== Prompt ==
The response should be a precise copy of every entry.

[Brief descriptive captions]
>>>>>

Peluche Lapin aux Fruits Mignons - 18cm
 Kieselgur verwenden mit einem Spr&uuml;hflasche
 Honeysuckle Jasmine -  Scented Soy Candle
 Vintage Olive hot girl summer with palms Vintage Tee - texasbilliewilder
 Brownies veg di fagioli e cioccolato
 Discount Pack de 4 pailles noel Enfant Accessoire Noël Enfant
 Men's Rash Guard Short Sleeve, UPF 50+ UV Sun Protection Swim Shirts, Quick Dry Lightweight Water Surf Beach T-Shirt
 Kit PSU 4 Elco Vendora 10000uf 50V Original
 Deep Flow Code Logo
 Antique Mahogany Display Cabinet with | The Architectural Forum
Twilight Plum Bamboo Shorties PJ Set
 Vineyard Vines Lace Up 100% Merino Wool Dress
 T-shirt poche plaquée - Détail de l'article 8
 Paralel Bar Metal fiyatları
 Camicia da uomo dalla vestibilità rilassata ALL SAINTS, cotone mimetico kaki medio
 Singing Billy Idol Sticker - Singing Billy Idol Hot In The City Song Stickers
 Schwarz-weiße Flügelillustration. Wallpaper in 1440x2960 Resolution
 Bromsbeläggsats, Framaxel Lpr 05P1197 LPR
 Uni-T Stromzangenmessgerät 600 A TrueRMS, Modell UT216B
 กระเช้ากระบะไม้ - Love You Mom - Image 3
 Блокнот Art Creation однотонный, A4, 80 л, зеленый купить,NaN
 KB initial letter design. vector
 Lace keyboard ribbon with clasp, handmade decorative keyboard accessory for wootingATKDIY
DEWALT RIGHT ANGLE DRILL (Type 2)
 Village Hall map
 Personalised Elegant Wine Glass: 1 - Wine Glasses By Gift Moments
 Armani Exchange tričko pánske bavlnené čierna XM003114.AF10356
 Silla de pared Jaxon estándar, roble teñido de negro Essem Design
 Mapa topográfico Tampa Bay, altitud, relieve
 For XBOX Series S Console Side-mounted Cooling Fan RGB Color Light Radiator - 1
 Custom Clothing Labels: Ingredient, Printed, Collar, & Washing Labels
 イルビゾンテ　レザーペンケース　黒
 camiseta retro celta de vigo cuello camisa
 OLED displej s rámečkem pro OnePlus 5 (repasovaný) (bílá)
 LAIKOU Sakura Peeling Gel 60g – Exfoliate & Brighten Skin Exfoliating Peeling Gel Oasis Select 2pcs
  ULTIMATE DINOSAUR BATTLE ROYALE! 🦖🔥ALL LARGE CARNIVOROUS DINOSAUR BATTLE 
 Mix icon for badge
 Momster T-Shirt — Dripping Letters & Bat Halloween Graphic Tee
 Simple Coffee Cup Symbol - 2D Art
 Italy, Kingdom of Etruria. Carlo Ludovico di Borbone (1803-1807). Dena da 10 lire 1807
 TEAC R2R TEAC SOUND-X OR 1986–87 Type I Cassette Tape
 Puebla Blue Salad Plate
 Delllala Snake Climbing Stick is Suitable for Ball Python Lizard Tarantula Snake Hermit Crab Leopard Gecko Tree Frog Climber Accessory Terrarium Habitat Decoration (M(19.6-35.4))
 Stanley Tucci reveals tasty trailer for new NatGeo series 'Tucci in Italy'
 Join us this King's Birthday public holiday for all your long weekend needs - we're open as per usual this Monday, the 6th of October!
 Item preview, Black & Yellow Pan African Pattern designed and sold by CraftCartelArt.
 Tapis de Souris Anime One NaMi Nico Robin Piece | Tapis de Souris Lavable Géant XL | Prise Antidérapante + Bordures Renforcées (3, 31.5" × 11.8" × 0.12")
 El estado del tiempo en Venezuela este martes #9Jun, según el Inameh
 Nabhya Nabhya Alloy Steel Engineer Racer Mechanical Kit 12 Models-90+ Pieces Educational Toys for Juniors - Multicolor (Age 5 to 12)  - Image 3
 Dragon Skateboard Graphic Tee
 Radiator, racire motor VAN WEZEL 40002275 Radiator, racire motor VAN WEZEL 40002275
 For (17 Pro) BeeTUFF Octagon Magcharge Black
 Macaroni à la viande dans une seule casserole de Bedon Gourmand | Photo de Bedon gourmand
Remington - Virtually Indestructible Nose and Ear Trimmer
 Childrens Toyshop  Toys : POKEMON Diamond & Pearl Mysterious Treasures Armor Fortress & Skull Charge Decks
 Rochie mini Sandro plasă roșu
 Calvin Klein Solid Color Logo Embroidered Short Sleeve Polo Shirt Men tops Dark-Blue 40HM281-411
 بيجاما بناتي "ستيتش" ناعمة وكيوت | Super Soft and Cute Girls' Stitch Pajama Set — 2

<<<<<

== Solved exercise ==
Peluche Lapin aux Fruits Mignons - 18cm
 Kieselgur verwenden mit einem Spr&uuml;hflasche
 Honeysuckle Jasmine -  Scented Soy Candle
 Vintage Olive hot girl summer with palms Vintage Tee - texasbilliewilder
 Brownies veg di fagioli e cioccolato
 Discount Pack de 4 pailles noel Enfant Accessoire Noël Enfant
 Men's Rash Guard Short Sleeve, UPF 50+ UV Sun Protection Swim Shirts, Quick Dry Lightweight Water Surf Beach T-Shirt
 Kit PSU 4 Elco Vendora 10000uf 50V Original
 Deep Flow Code Logo
 Antique Mahogany Display Cabinet with | The Architectural Forum
Twilight Plum Bamboo Shorties PJ Set
 Vineyard Vines Lace Up 100% Merino Wool Dress
 T-shirt poche plaquée - Détail de l'article 8
 Paralel Bar Metal fiyatları
 Camicia da uomo dalla vestibilità rilassata ALL SAINTS, cotone mimetico kaki medio
 Singing Billy Idol Sticker - Singing Billy Idol Hot In The City Song Stickers
 Schwarz-weiße Flügelillustration. Wallpaper in 1440x2960 Resolution
 Bromsbeläggsats, Framaxel Lpr 05P1197 LPR
 Uni-T Stromzangenmessgerät 600 A TrueRMS, Modell UT216B
 กระเช้ากระบะไม้ - Love You Mom - Image 3
 Блокнот Art Creation однотонный, A4, 80 л, зеленый купить,NaN
 KB initial letter design. vector
 Lace keyboard ribbon with clasp, handmade decorative keyboard accessory for wootingATKDIY
DEWALT RIGHT ANGLE DRILL (Type 2)
 Village Hall map
 Personalised Elegant Wine Glass: 1 - Wine Glasses By Gift Moments
 Armani Exchange tričko pánske bavlnené čierna XM003114.AF10356
 Silla de pared Jaxon estándar, roble teñido de negro Essem Design
 Mapa topográfico Tampa Bay, altitud, relieve
 For XBOX Series S Console Side-mounted Cooling Fan RGB Color Light Radiator - 1
 Custom Clothing Labels: Ingredient, Printed, Collar, & Washing Labels
 イルビゾンテ　レザーペンケース　黒
 camiseta retro celta de vigo cuello camisa
 OLED displej s rámečkem pro OnePlus 5 (repasovaný) (bílá)
 LAIKOU Sakura Peeling Gel 60g – Exfoliate & Brighten Skin Exfoliating Peeling Gel Oasis Select 2pcs
  ULTIMATE DINOSAUR BATTLE ROYALE! 🦖🔥ALL LARGE CARNIVOROUS DINOSAUR BATTLE 
 Mix icon for badge
 Momster T-Shirt — Dripping Letters & Bat Halloween Graphic Tee
 Simple Coffee Cup Symbol - 2D Art
 Italy, Kingdom of Etruria. Carlo Ludovico di Borbone (1803-1807). Dena da 10 lire 1807
 TEAC R2R TEAC SOUND-X OR 1986–87 Type I Cassette Tape
 Puebla Blue Salad Plate
 Delllala Snake Climbing Stick is Suitable for Ball Python Lizard Tarantula Snake Hermit Crab Leopard Gecko Tree Frog Climber Accessory Terrarium Habitat Decoration (M(19.6-35.4))
 Stanley Tucci reveals tasty trailer for new NatGeo series 'Tucci in Italy'
 Join us this King's Birthday public holiday for all your long weekend needs - we're open as per usual this Monday, the 6th of October!
 Item preview, Black & Yellow Pan African Pattern designed and sold by CraftCartelArt.
 Tapis de Souris Anime One NaMi Nico Robin Piece | Tapis de Souris Lavable Géant XL | Prise Antidérapante + Bordures Renforcées (3, 31.5" × 11.8" × 0.12")
 El estado del tiempo en Venezuela este martes #9Jun, según el Inameh
 Nabhya Nabhya Alloy Steel Engineer Racer Mechanical Kit 12 Models-90+ Pieces Educational Toys for Juniors - Multicolor (Age 5 to 12)  - Image 3
 Dragon Skateboard Graphic Tee
 Radiator, racire motor VAN WEZEL 40002275 Radiator, racire motor VAN WEZEL 40002275
 For (17 Pro) BeeTUFF Octagon Magcharge Black
 Macaroni à la viande dans une seule casserole de Bedon Gourmand | Photo de Bedon gourmand
Remington - Virtually Indestructible Nose and Ear Trimmer
 Childrens Toyshop  Toys : POKEMON Diamond & Pearl Mysterious Treasures Armor Fortress & Skull Charge Decks
 Rochie mini Sandro plasă roșu
 Calvin Klein Solid Color Logo Embroidered Short Sleeve Polo Shirt Men tops Dark-Blue 40HM281-411
 بيجاما بناتي "ستيتش" ناعمة وكيوت | Super Soft and Cute Girls' Stitch Pajama Set — 2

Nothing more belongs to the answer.